What is snowflake schema?

Answer-1:
A snowflake schema is a way of arranging tables in a relational database such that the entity relationship diagram resembles a snowflake in shape. At the center of the schema are fact tables which are connected to multiple dimensions. When the dimensions consist of only single tables, you have the simpler star schema. When the dimensions are more elaborate, having multiple levels of tables, and where child tables have multiple parent tables ("forks in the road"), a complex snowflake starts to take shape. Generally, whether a snowflake or a star schema is used only affects the dimensional tables. The fact table is unchanged.
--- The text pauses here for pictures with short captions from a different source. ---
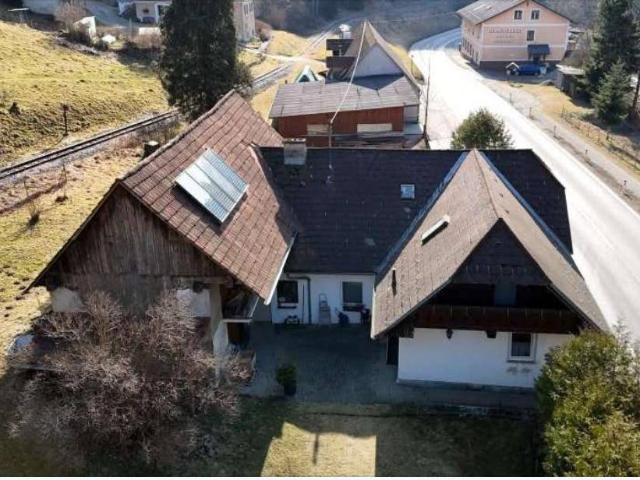 Haus kaufen in Birkfeld, Steiermark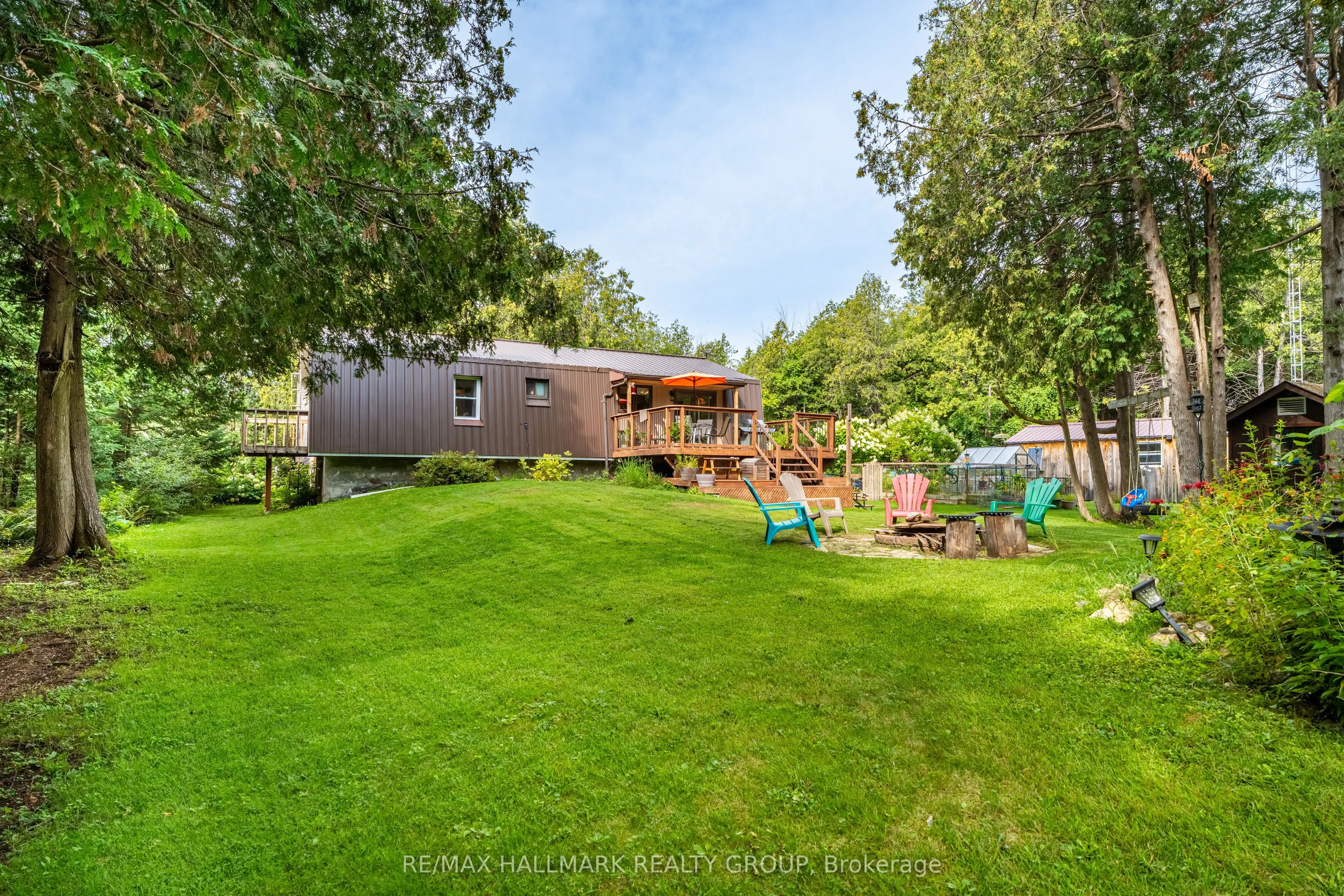 1184 Derry Side Road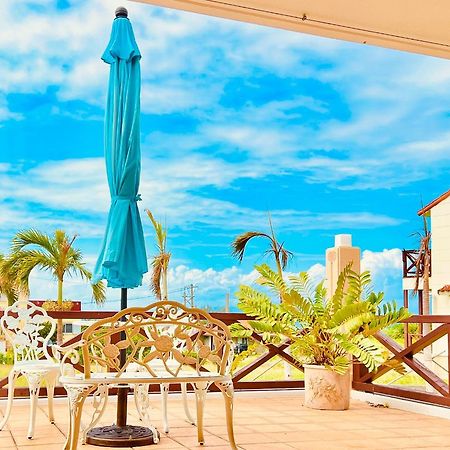 Palm Villa Ishigakijima Karei Ishigaki  Εξωτερικό φωτογραφία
What is slowly chanding dimension?

Answer-1:
Dimension is a term in data management and data warehousing that refers to logical groupings of data such as geographical location, customer information, or product information. Slowly Changing Dimensions (SCD) are dimensions that have data that slowly changes.
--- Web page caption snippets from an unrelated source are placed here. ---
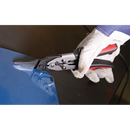 Sealey AK6915 280mm Offset Tin Snips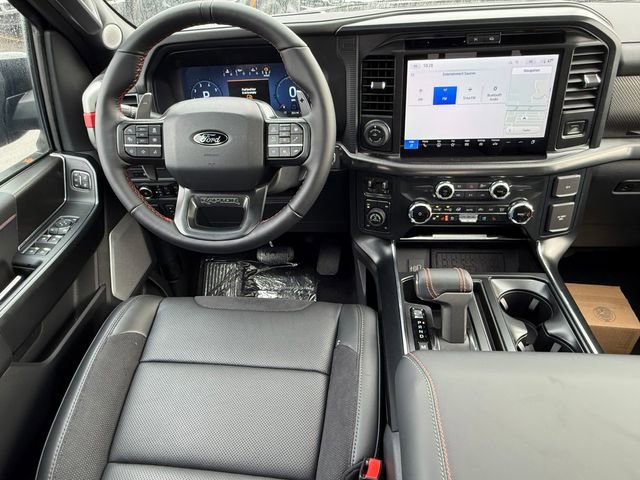 New 2025 Ford F150 Raptor image 12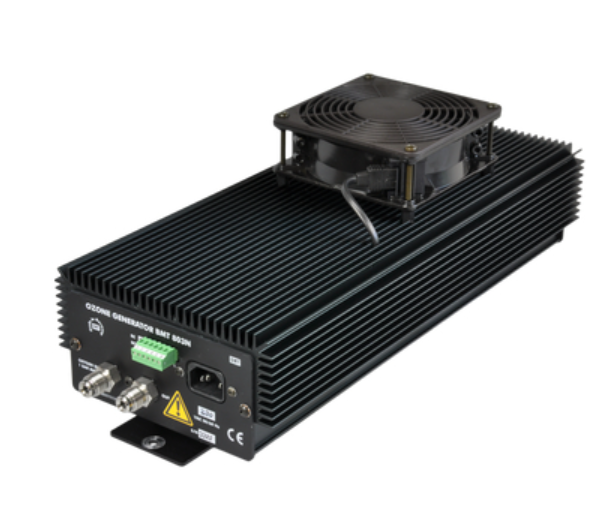 德國BMT 802n臭氧發(fā)生器參數(shù)與特點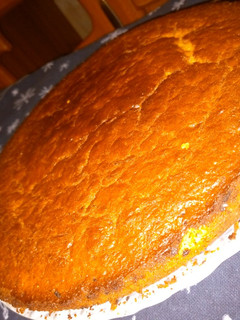 A picture of Carrot cake.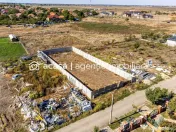 Teren de 733 mp în Livada, cu gard finalizat, Comision 0 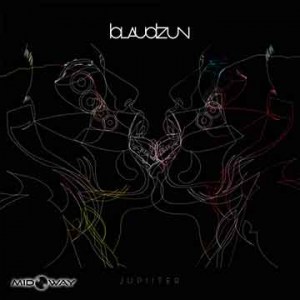 Blaudzun | Jupiter (Part II) (LP)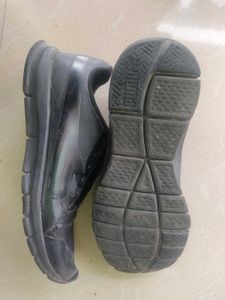 Puma Shoe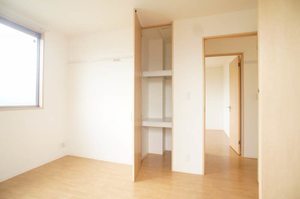 グレースコート 101号-7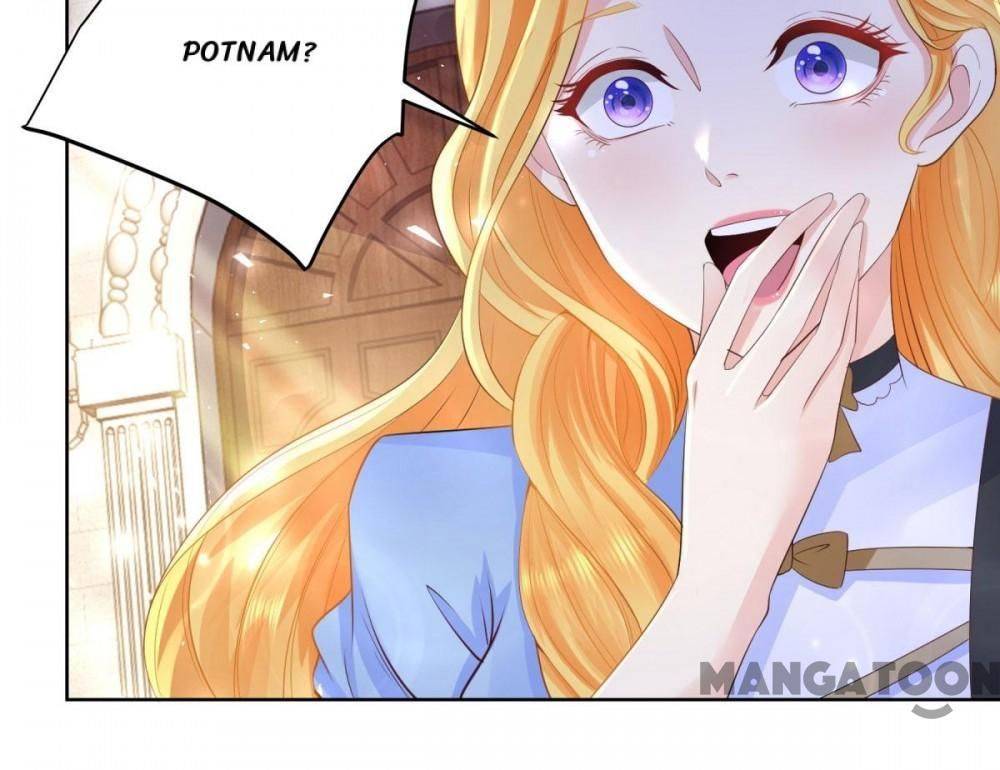 I Just Want to be a Useless Duke’s Daughter Chapter 98 - Page 10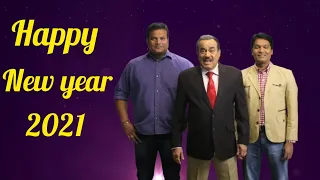 CID Celebrate - Happy New Year 2021 - CID 2021 ( #short )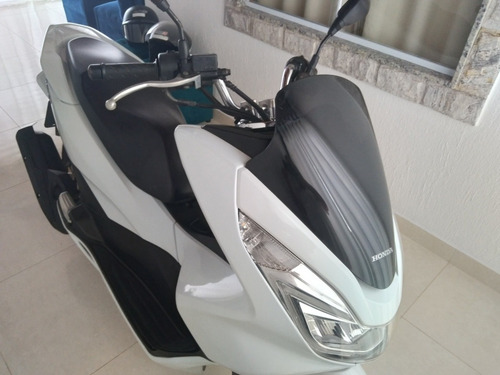 Imagem 7 de 9 de Honda Pcx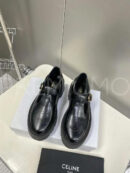 Celine лоферы PR623917 10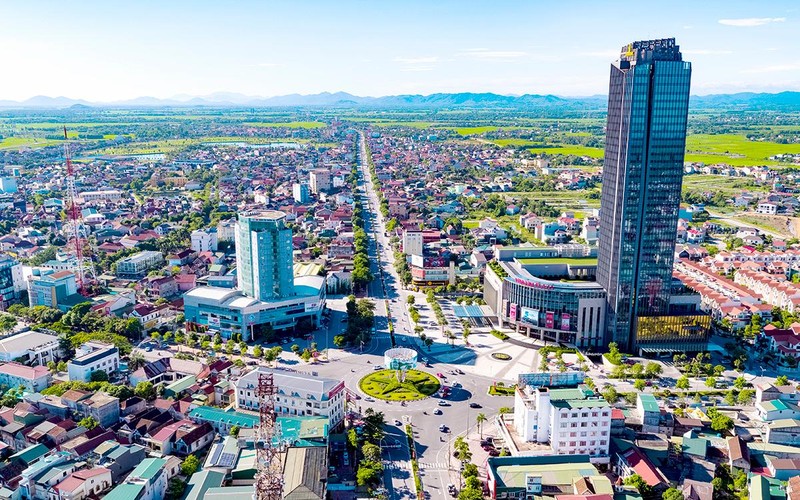 Giới thiệu chung về Hà Tĩnh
Explain different types of SCD?

Answer-1:

There are mainly 3 different types in SCD.
Type-1: The Type 1 methodology overwrites old data with new data, and therefore does not track historical data at all. This is most appropriate when correcting certain types of data errors, such as the spelling of a name. (Assuming you won't ever need to know how it used to be misspelled in the past.)
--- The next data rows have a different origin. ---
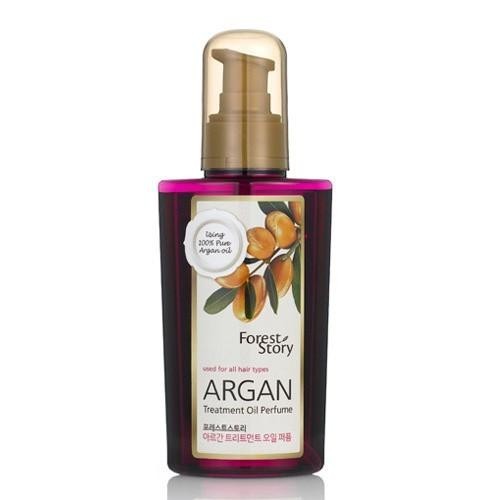 Forest Story Argan Treatment Oil Perfume 120ml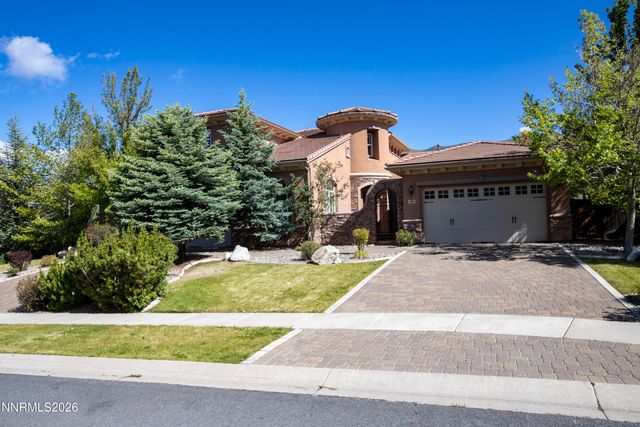 1898 Laurel Ridge Drive, Reno, NV 89523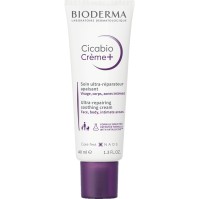Bioderma Cicabio Crème+ Επανορθωτική & Καταπραϋντική Κρέμα 40ml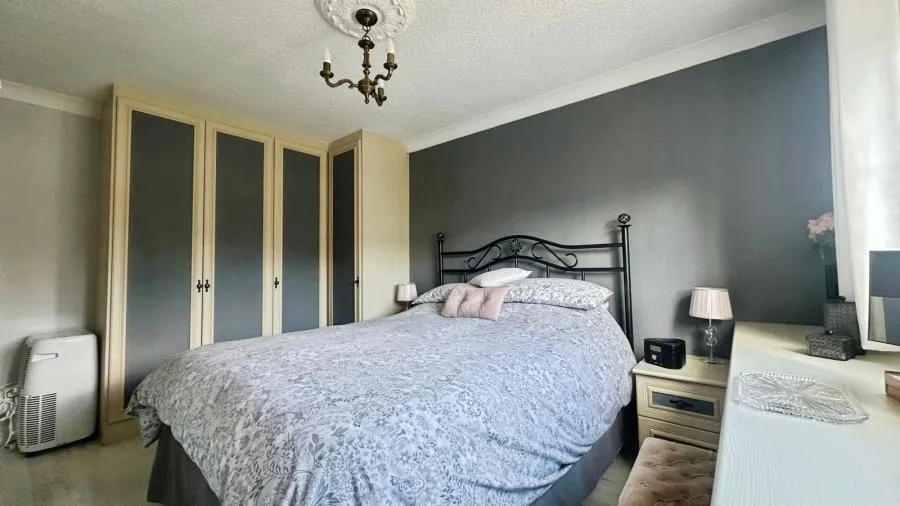 Greenway Gardens, Birmingham, B38, photo 12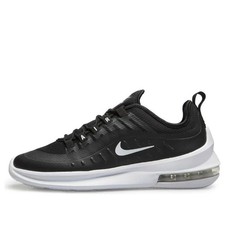 (WMNS) Nike Air Max Axis Premium 'Black Metallic Silver' picture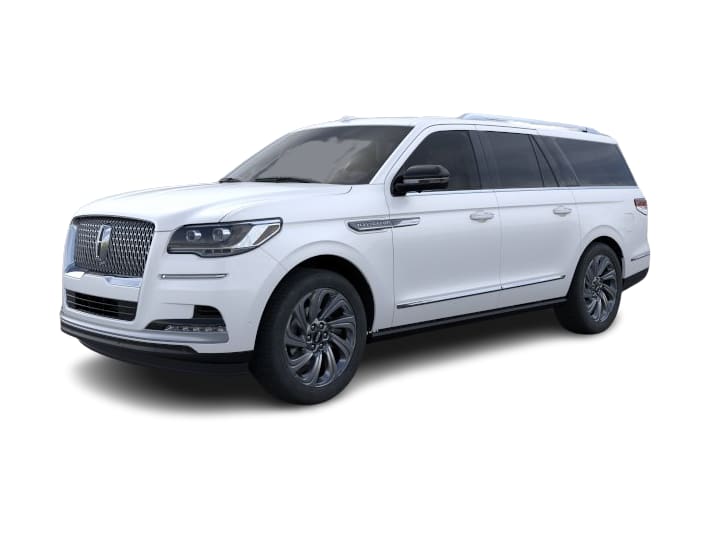 2024 Lincoln Navigator L Reserve -
                Fresno, CA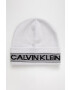 Calvin Klein Performance Шапка - Pepit.bg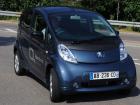 Peugeot iOn , 2010 - ....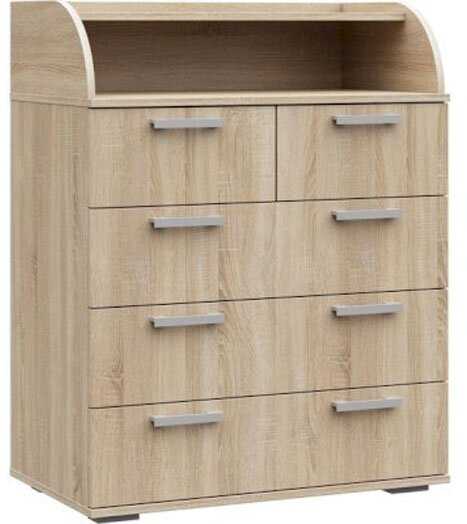 Пеленальный комод Стендмебель К-1 М фотография 2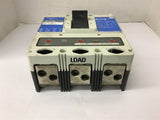 Cutler-Hammer LD3600F 600 Amp Circuit Breaker 600 Volts 3 Pole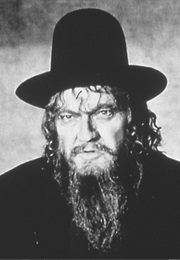 The Merchant of Venice (1969)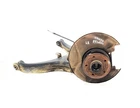 1972 1980 Mercedes 450 Sl Oem Left Rear Spindle Trailing Arm Used. Price: $274.00.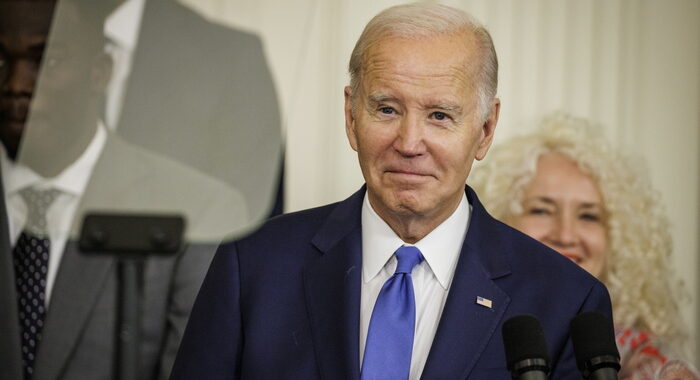 Nyt, c’è l’accordo tra Biden e McCarthy su tetto debito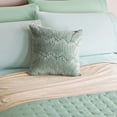 thumbnail image 3 of Cobertor Ultrasuave Beige Matrimonial Concord, 3 of 5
Type-2: The Type 2 method tracks historical data by creating multiple records in the dimensional tables with separate keys. With Type 2, we have unlimited history preservation as a new record is inserted each time a change is made.

Type-3: The Type 3 method track changes using separate columns. Whereas Type 2 had unlimited history preservation, Type 3 has limited history preservation, as it's limited to the number of columns we designate for storing historical data.